Inside the Royal Church

St Mary Magdalene Church, Sandringham


St Mary Magdalene Church in Sandringham, Norfolk, has long been the main place of worship for the Royals, with the family most recently attending the Christmas Service held here on Christmas Day.

Take a look below as we guide you through the history and insides of this spectacular church.



Standing here since the 14th century, St.
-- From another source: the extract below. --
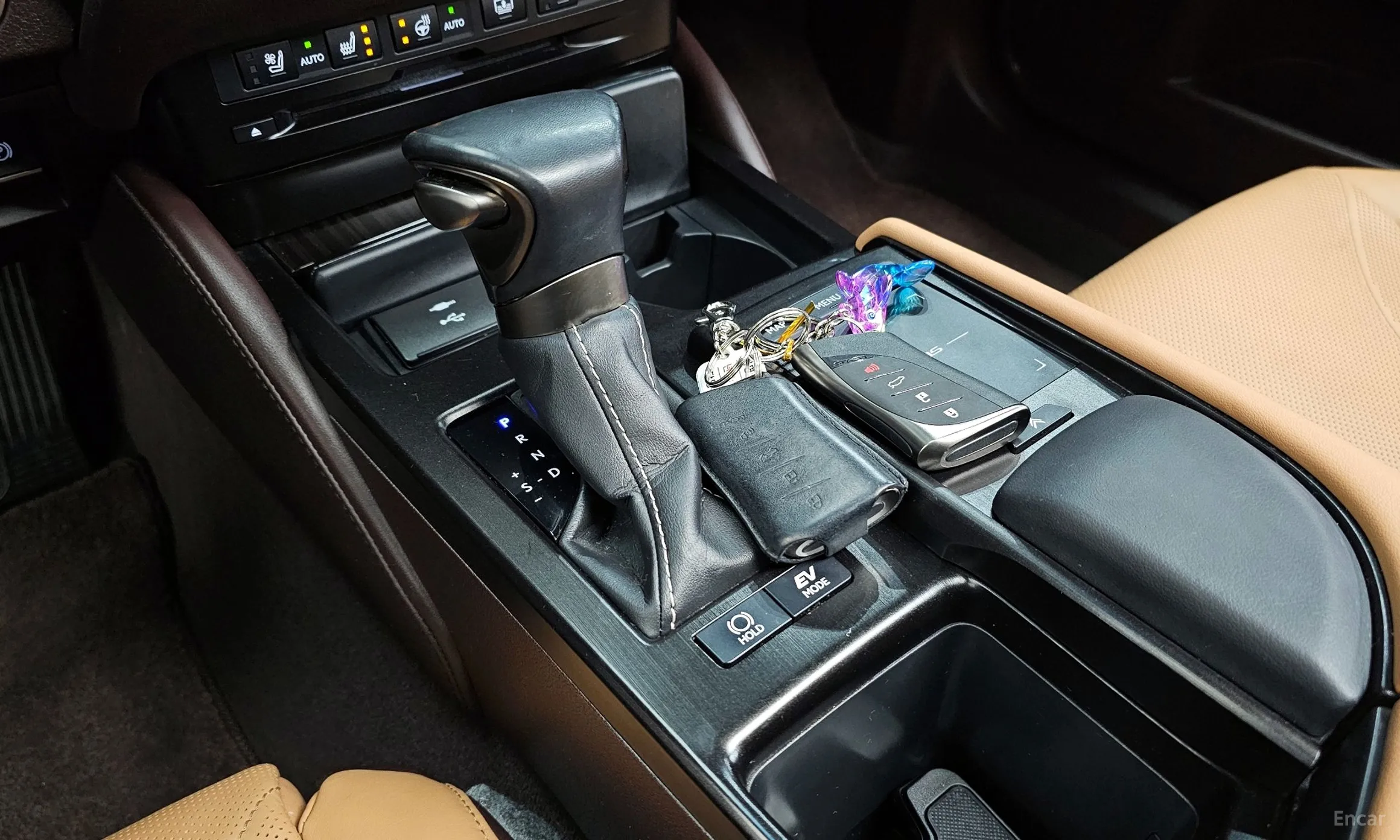 Lexus ES300h 7th Generation превью 9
Mary Magdalene’s Church has had many restorations, the building that currently resides in this wooded area dates to the Tudor period, although it was restored twice in the 19th century, once by SS Teulon in 1855 and again by Arther Blomfield in 1890. Built from carr stone, this brownish building is considered the best example of a carr stone building in Britain. 

Inside is iridescent of a late Victorian style, with stunning woodwork and vastly panelled walls, however, the main attraction of this beautiful building is a glittering silver altar and reredos given by Rodman Wannamaker, a highly regarded American businessman who has the pieces crafted as a memorial to Edward VII as a gift to Queen Alexandra after Edwards death in 1910. 


Several members of Princess Diana’s family are buried in the churchyard, including her older brother John, who died just hours after his birth in 1960.

King George VI also lay in state at the church after his death in 1952 before his public burial at St George’s Chapel, Windsor Castle.

The church is not a royal museum, but an active parish church, drawing worshippers from the surrounding area. It is open to visitors daily from spring through autumn, and on Sundays for services during the rest of the year.

Why not have a visit, you may meet a Royal! 

Alongside these luxurious gifts, Wannamaker also gave Queen Alexandra the breathtaking wood and silver pulpit, and a 17th-century processional cross.

We can see that over the royal pew stands a statue of St George slaying a dragon. The entire chancel was presented to Queen Alexandra after her husband’s death.

Although the Church itself is of age, the oldest object in the church is a 9th-century Greek font, alongside a second font made of Florentine marble, a highly regarded material originating from Italy.

St Mary of Magdalene’s Church holds memorials to many members of the royal family, although only a few are actually buried here.

Among these are Prince John, who died in 1919. The unfortunate prince, fifth in line to the throne, suffered from epilepsy and may have been autistic as well. He was sequestered at Sandringham, out of the public eye, and played with local children invited by his mother, Queen Mary. He died of a seizure at the age of just 14 and was buried in St Mary Magdalene church. His sad story is told in the television drama ‘The Lost Prince‘, released in 2003.

Alongside the macabre, the church is also known for royal christenings, at least seven royal babies have been christened at Sandringham church, including the most recent addition to the Royal Family, Princess Charlotte (2015). Other royals who have been christened here include future King George VI, King Olav V of Norway and Diana, Princess if Wales.